While the Globe's thatched amphitheatre is breezy and holds more than 1,500 people, the new Sam Wanamaker Playhouse - named after the American actor and director who came up with the idea for both venues - is intimate, with just 340 seats.

The reconstruction architect who helped design the Playhouse, Jon Greenfield, believes experiencing it is like having the actors enter your living room.

"You don't feel as though you're necessarily going to see a spectacle. You feel as though you're part of it. This is like a big room really. It's like your living room almost. It's as if the actors have come to you and that you're really very much part of what they're doing because it's just so intimate and so close," he said.

The actors perform in close proximity to lit candles, which looks dangerous although they are dressed in fireproof clothes and not allowed to wear hairspray.

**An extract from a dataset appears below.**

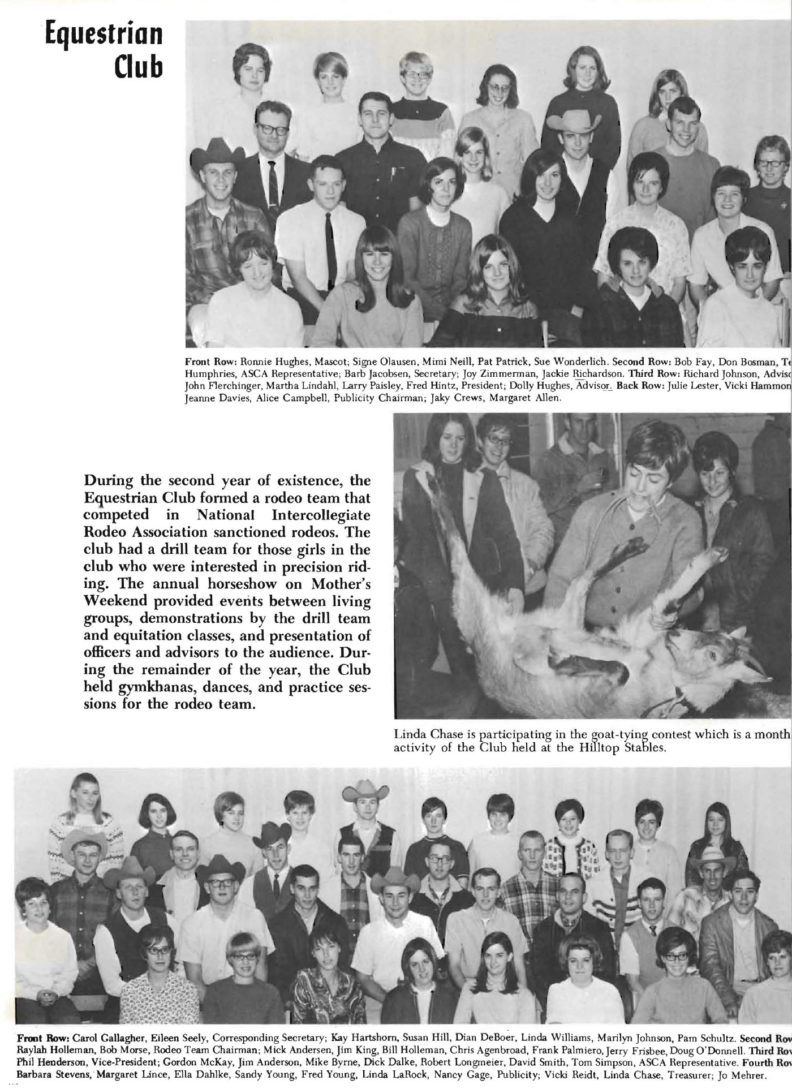 1968 Chinook, page about WSU Equestrian Team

"But I had an issue in the technical rehearsal where I...because my dress is so big, I don't feel it. So I swished around to the front of the stage and my God, because there was candles all at the front, so that was my near-death experience in this new Shakespeare's Globe Theatre," said Denise Gough, who plays the part of Julia in "The Duchess of Malfi".

In many ways the small indoor space is an "anti-Globe," according to artistic director Dominic Dromgoole, whose production of John Webster's dark tragedy "The Duchess of Malfi" opened there on Jan. 9.

"It's unrecognisable from any other theatre in the world. It's the only replica this authentic of a theatre of it's own day. It's built with incredible care and detail to be as fully achieved as a Jacobean Theatre as possible. It's all made from beautiful oak as you can see. It's all carved by hand, painted by hand. The paints have all been properly researched. There isn't a bit of it that isn't in some way properly researched and we couldn't find a precedent for in the theatre of its own day," said Dromgoole.

Modelled on drawings that fell out of an old book in the library at Worcester College, Oxford, in the 1960s, the new playhouse offers a wintertime option for Dromgoole and his team.

The second venue builds on the outdoor success of the Globe, which has been putting on shows since 1997 and had its first transfer to Broadway in November. Given the British weather, the Globe can only operate from April to October,

The Chief Executive at Shakespeare's Globe, Neil Constable, is hopeful the new theatre will be a financial boon.

"Of course having an indoor theatre means around 100,000 theatregoers are going to be coming to the Globe. The Globe will be performing 52 weeks of the year and hopefully we'll see a boost in sales in tickets but also in our restaurant, retail and tours."